The U.S. Senate, seeking to close a dark chapter in its history, has formally apologized for failing to pass anti-lynching legislation first proposed more than a century ago.

There are some 4,700 lynchings that have been documented in the United States between 1882 and 1968, mostly of African American men who died at the hands of racist mobs. But the true number of lynchings is not known. Few of the killers were ever convicted by what were then nearly always all-white juries.

The U.S. House of Representatives, responding to pleas from several American presidents, three times voted to make the crime a federal offense. But each time, southern lawmakers blocked the legislation from coming to a vote on the Senate floor, arguing that such a law would interfere with states' rights.

Monday night, the Senate passed a non-binding resolution by voice vote apologizing to the deceased victims of lynchings and their families. Senator Bill Frist of Tennessee is Senate Majority Leader.

"Though deep scars will always remain, I am hopeful we will begin to heal and close the wounds caused by lynching," Mr. Frist says.

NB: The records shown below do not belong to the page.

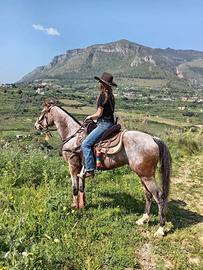 Stupenda Appaloosa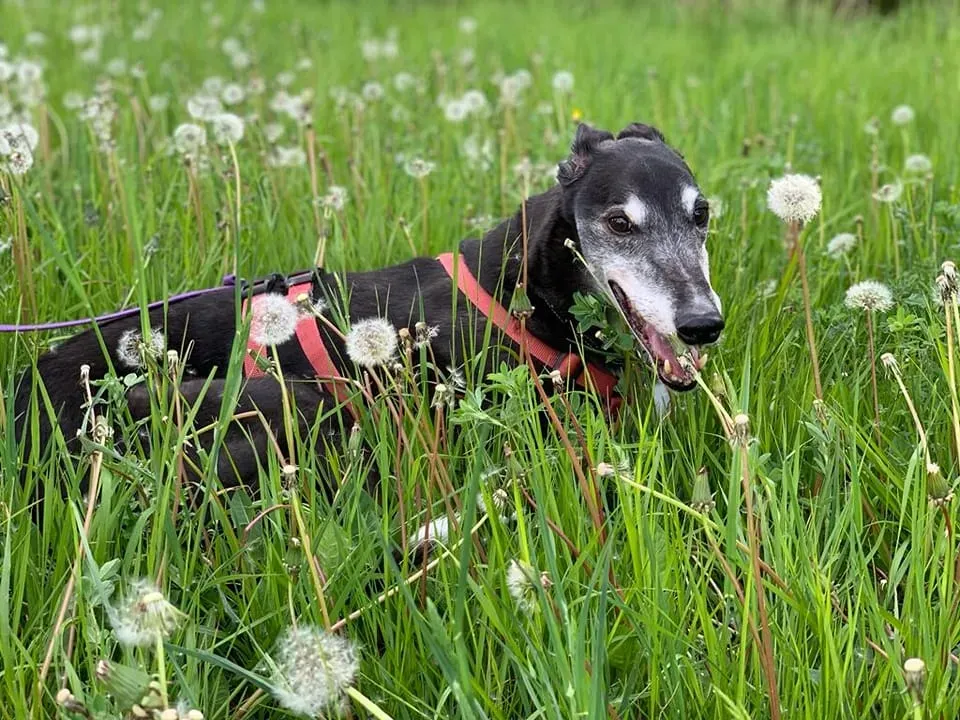 293799838 10225120668901677 7572381213498241241 n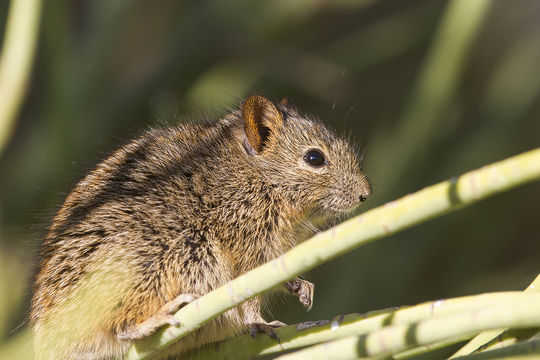 Image of Four-striped Grass Mouse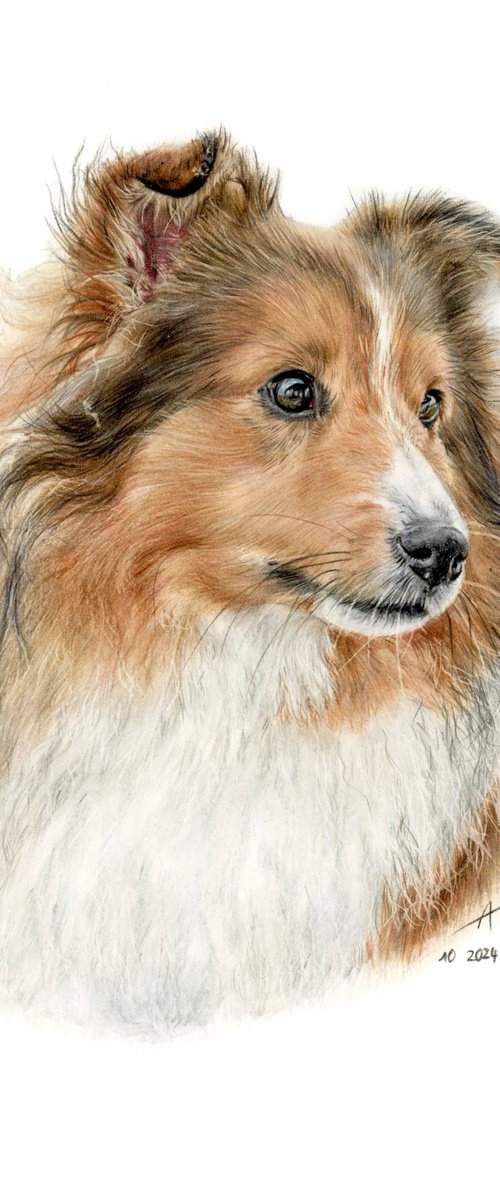 Sheltie by Annika Schmitt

Two lawmakers from southern states cosponsored the bill.

Senator Mary Landrieu, a Louisiana Democrat, says she was motivated to act after seeing the book Without Sanctuary: Lynching Photography in America, a collection of graphic postcard photographs taken at lynching scenes.

She says lynching was in her words, an American form of terrorism documented in at least 46 states, although most lynchings occurred in the south.

"This was really an act of terrorism, domestic terrorism. And I think it is quite appropriate today that we are discussing this, as our country leads the fight against terrorism abroad," Ms.Landrieu says.

The other cosponsor is Senator George Allen, a Virginia Republican:

"The Senate is going to be on record condemning the brutal atrocities that plagued our great nation for over a century," he says.

At the White House, spokesman Scott McClellan acknowledged the painful era in America's past.

"This was a terrible, dark chapter in our own nation's history, and scores of African Americans and their families were brutalized and suffered great injustices," Mr. McClellan says.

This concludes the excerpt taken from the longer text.